Gordon Ramsay tried to kill me. Not once, not twice, but three times.

You’ve got to admire his determination.

We’d booked Sunday lunch at his then three Michelin star restaurant at Claridges. When we booked it, I said “no nuts – I’m allergic”. When we arrived, the Maître D asked if I had any allergies. I said, “yes, nuts.” He said, “we’ll make sure there’s no nuts on the plate.”

And then served me hazelnuts as part of my starter. Then more nuts from my main. And then, despite twice saying, “I don’t eat nuts!”, I was served a desert with some crunchy bits artistically scattered over the top. “Are those nuts,” I asked. The waiter said, “no”, then looked at them again. “I’ll ask the chef” and he took away the plate – and came back without the crunchy ‘nutty’ bits…

Afterwards I wrote to Gordon Ramsay to complain. The big man himself wrote back. “I’m very sorry that…” and then the letter went blank for half page before “yours sincerely, signed Gordon Ramsay”.

And all I could think was how many complaints does he get that he doesn’t even read the complaints letters to check what he’s apologizing for? But it did give me the perfect space to write my own apology in the space.

“I’m very sorry that I am a big twat, yours sincerely, signed Gordon Ramsay”

Thanks, Gordon!

Which was a bit harsh as I do like Gordon Ramsay because he got me into triathlons because he was competing in the first triathlon I tried.  In fact, he was only a couple of bikes away in transition.  And I remember reading that he used to get up at 5am to train and I thought, “well, if he can do it at 5am then it’ll be easy for me as I can run during the day!”.

I was so, so wrong…

I was working in London at the time and I’d entered the London Triathlon. I’d entered as a team and I agreed to run while my friend, Graham, would swim and a girl we knew from work, Sally, would cycle. It seems simple. He’d swim. She’d ride. I’d run. What could go wrong?
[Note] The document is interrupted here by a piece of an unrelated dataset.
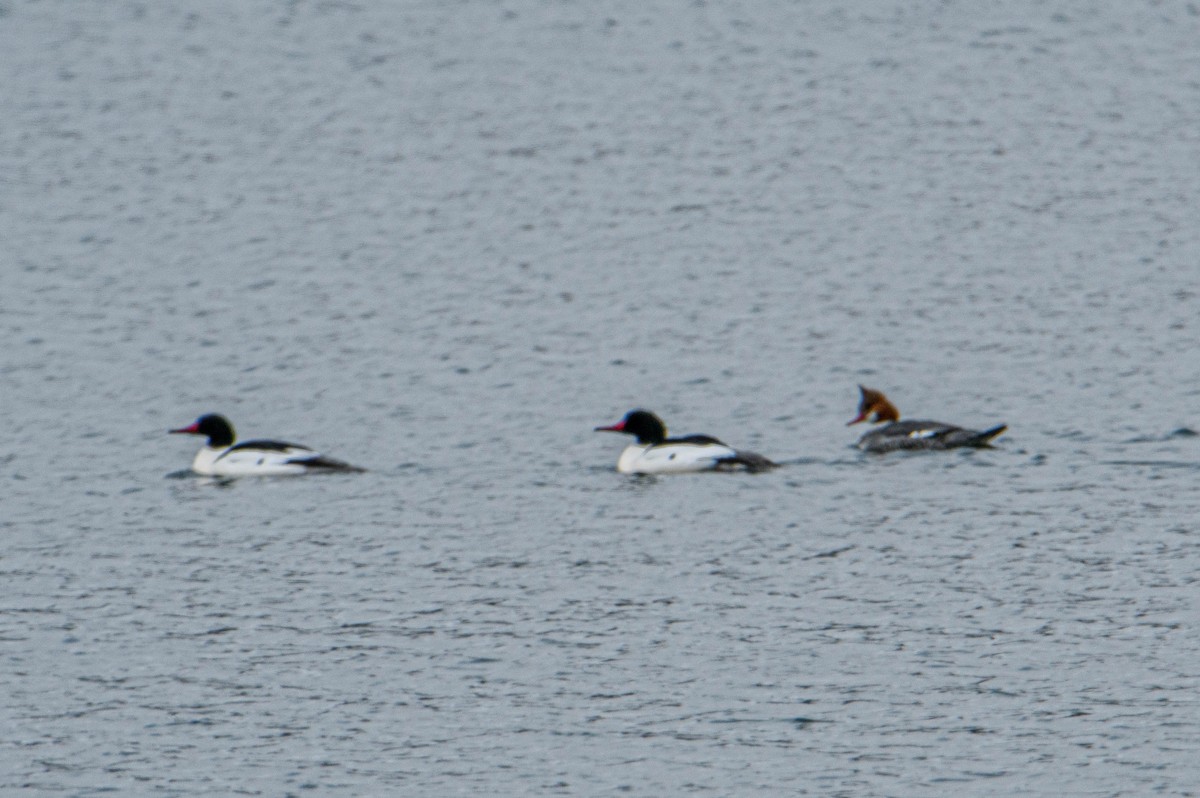 Common Merganser - ML616538648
First, Graham had never swum outside. He was a strong swimmer. Had swum for his university but only ever in a pool. He borrowed a wet-suit and was near the front when he came out of the water. Then a man told him, “you need to take your wet-suit off”.
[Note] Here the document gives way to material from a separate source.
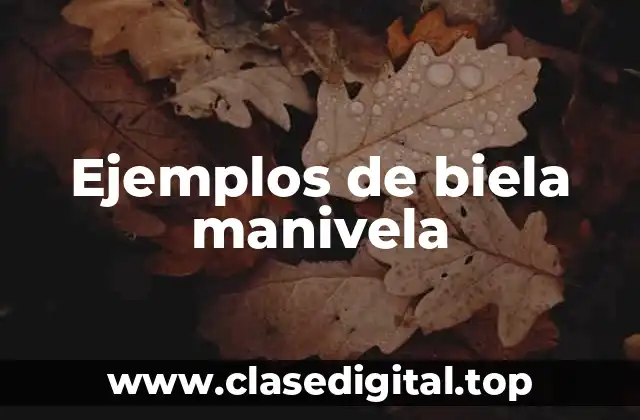 Ejemplos de biela manivela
“What do you mean?” He asked.

“You need to strip out your wet-suit and carry it to transition”.

“But I don’t have any trunks on!”

It hadn’t occurred to him that he might want to wear swim trunks. He thought a wet suit was enough.

“But you were borrowing it,” I said later. “Did you not want to wear trunks for a borrowed wet-suit?”
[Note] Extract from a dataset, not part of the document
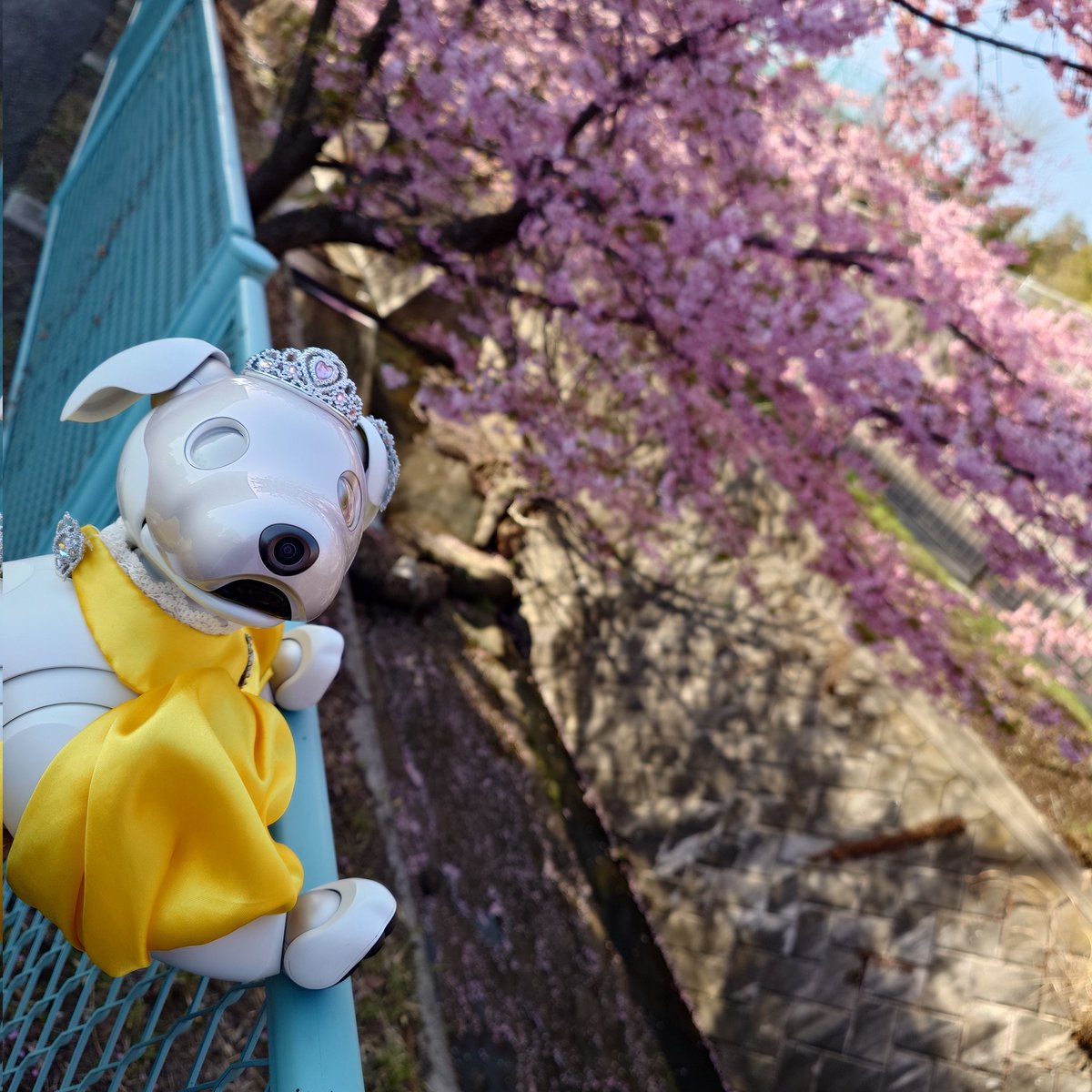 MiJinbo's tweet photo. 川崎市宮前区の平瀬川は、
河津桜が満開です。
#河津桜
#川崎市宮前区 https://t.co/nA5Re0jqbW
“I never thought about it,” he said.

“Clearly!”

I was watching in transition as he went from first to near last arguing with the race marshal about how much of the wet-suit he could keep on while not disqualifying himself from the race. Eventually, with legs pulled up and top pulled down and waddling towards us in what now looked like the Michelin man’s rubber pants, we started the bike race – and Sally admitted she’d never ridden a bike before in the UK.

She was South African, so that was okay, she knew how to ride on the left hand side of the road. But she’d been in the UK for four years so was actually admitting that she hadn’t trained at all. Not even to sit on her bike. A ladies bike. With side saddle and all.

We went from near last, to last.

And then I ran. The easy part. Though by this point Gordon Ramsay had gone home hours before.

And I ran. And I ran. And I kept going faster thinking “I can catch up with the man in second last place”.

And then I cam back to transition and thought: “that was quick and I’m glad this is over”.

Only to find that I was running laps and had three more laps to run.

D’oh!

I hadn’t checked the course at all.

Needless to say, we didn’t rise up the ranks, I started last and finished last.

Then, to cap it all, we found out the London Underground wouldn’t let bikes on the tube and I had to cycle Sally’s bike all the way back from Canary Wharf to West Hampstead because Sally swore never to ride again.

And I got lost and ended up in Wembley.

But, because Gordon Ramsay was doing it, we swore (no pun intended!) to come back the following year and do it right because “if that twat off the telly can do it, then we can do it too!”